Split pandas dataframe in two if it has more than 10 rows
There is no specific convenience function.
You'd have to do something like:
first_ten = pd.DataFrame()
rest = pd.DataFrame()
if df.shape[0] > 10: # len(df) > 10 would also work
first_ten = df[:10]
rest = df[10:]
I used a List Comprehension to cut a huge DataFrame into blocks of 100'000:
size = 100000
list_of_dfs = [df.loc[i:i+size-1,:] for i in range(0, len(df),size)]
or as generator:
list_of_dfs = (df.loc[i:i+size-1,:] for i in range(0, len(df),size))
This will return the split DataFrames if the condition is met, otherwise return the original and None
(which you would then need to handle separately). Note that this assumes the splitting only has to happen one time per df
and that the second part of the split (if it is longer than 10 rows (meaning that the original was longer than 20 rows)) is OK.

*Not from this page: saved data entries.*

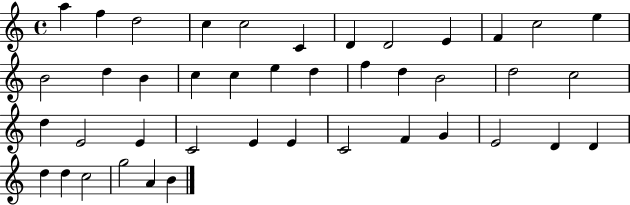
{
  \clef treble
  \time 4/4
  \defaultTimeSignature
  \key c \major
  a''4 f''4 d''2 | c''4 c''2 c'4 | d'4 d'2 e'4 | f'4 c''2 e''4 | \break b'2 d''4 b'4 | c''4 c''4 e''4 d''4 | f''4 d''4 b'2 | d''2 c''2 | \break d''4 e'2 e'4 | c'2 e'4 e'4 | c'2 f'4 g'4 | e'2 d'4 d'4 | \break d''4 d''4 c''2 | g''2 a'4 b'4 | \bar "|."
}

df_new1, df_new2 = df[:10, :], df[10:, :] if len(df) > 10 else df, None
Note you can also use df.head(10)
and df.tail(len(df) - 10)
to get the front and back according to your needs. You can also use various indexing approaches: you can just provide the first dimensions index if you want, such as df[:10]
instead of df[:10, :]
(though I like to code explicitly about the dimensions you are taking). You can can also use df.iloc
and df.ix
to index in similar ways.
Be careful about using df.loc
however, since it is label-based and the input will never be interpreted as an integer position. .loc
would only work "accidentally" in the case when you happen to have index labels that are integers starting at 0 with no gaps.
But you should also consider the various options that pandas provides for dumping the contents of the DataFrame into HTML and possibly also LaTeX to make better designed tables for the presentation (instead of just copying and pasting). Simply Googling how to convert the DataFrame to these formats turns up lots of tutorials and advice for exactly this application.